* **Task brief**: Please repeat only the lines below starting at the line that holds "1976 Ford 2600" and ending at the line that holds "Casa com 123m², 3", exactly, with both of those lines included and every picture omitted.

* **Exercise input**:
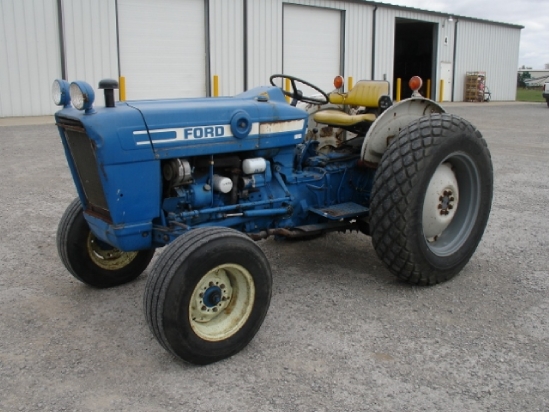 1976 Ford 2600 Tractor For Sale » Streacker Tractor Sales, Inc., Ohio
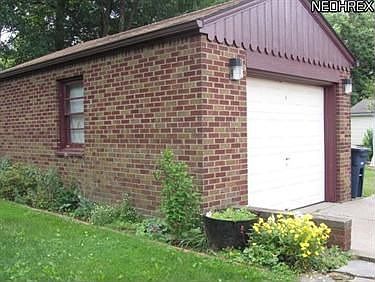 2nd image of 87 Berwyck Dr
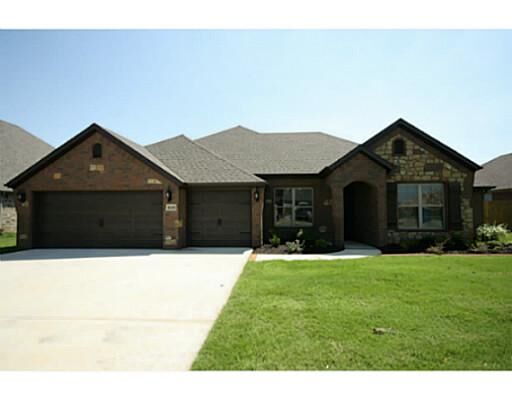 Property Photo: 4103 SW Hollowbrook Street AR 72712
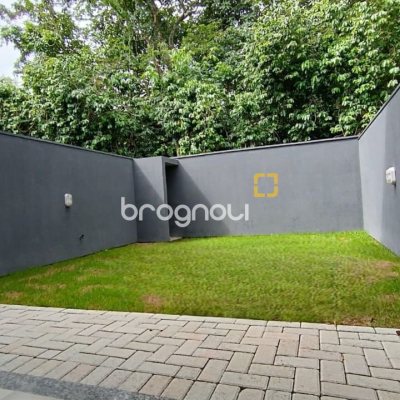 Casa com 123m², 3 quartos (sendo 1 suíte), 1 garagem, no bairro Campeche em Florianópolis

--

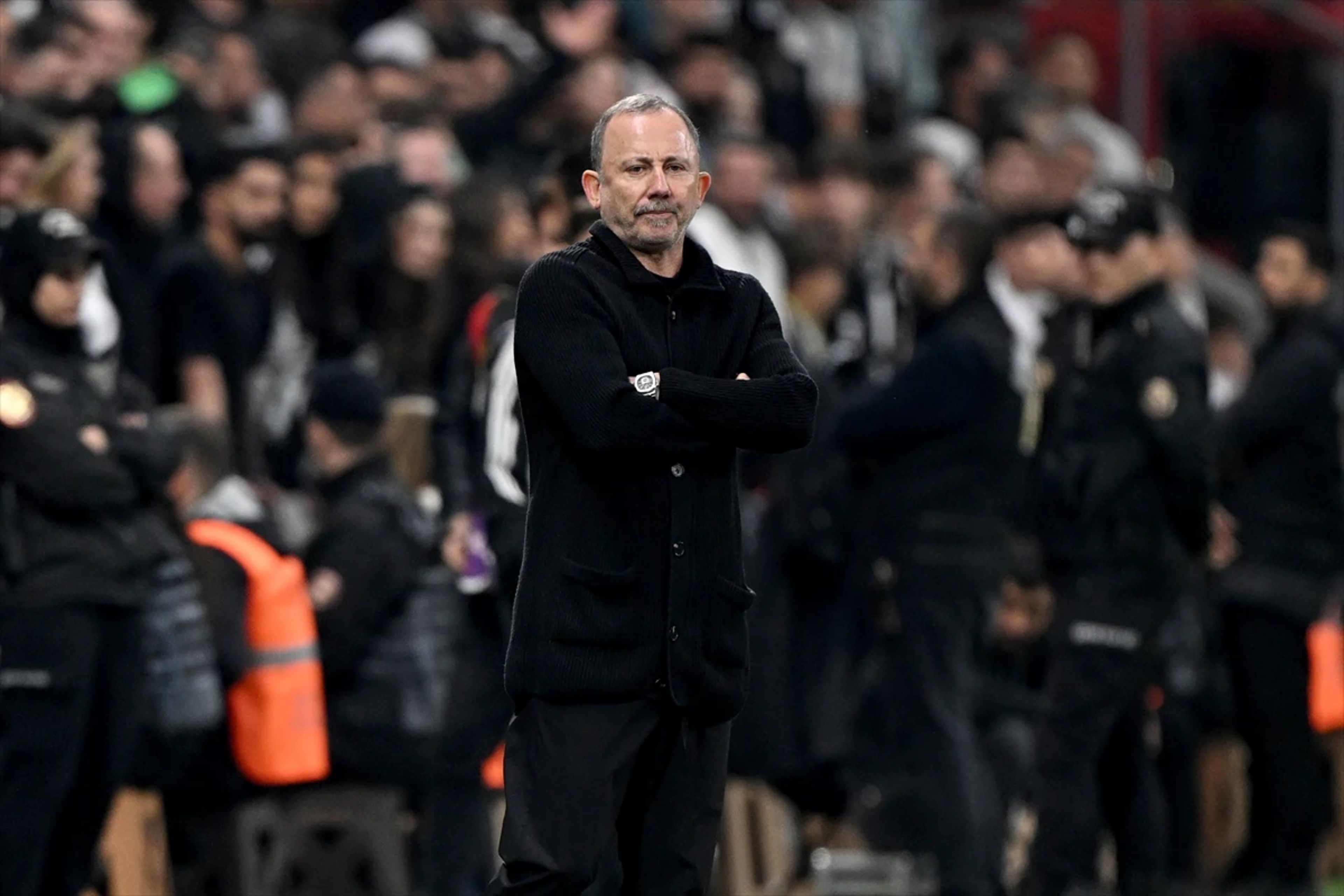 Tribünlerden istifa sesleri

==

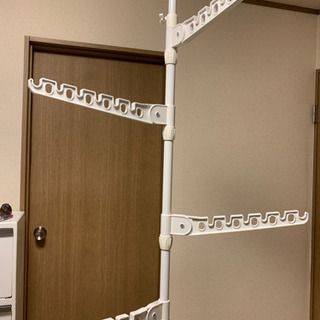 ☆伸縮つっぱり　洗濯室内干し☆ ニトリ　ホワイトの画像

* **Task output**:
 1976 Ford 2600 Tractor For Sale » Streacker Tractor Sales, Inc., Ohio
 2nd image of 87 Berwyck Dr
 Property Photo: 4103 SW Hollowbrook Street AR 72712
 Casa com 123m², 3 quartos (sendo 1 suíte), 1 garagem, no bairro Campeche em Florianópolis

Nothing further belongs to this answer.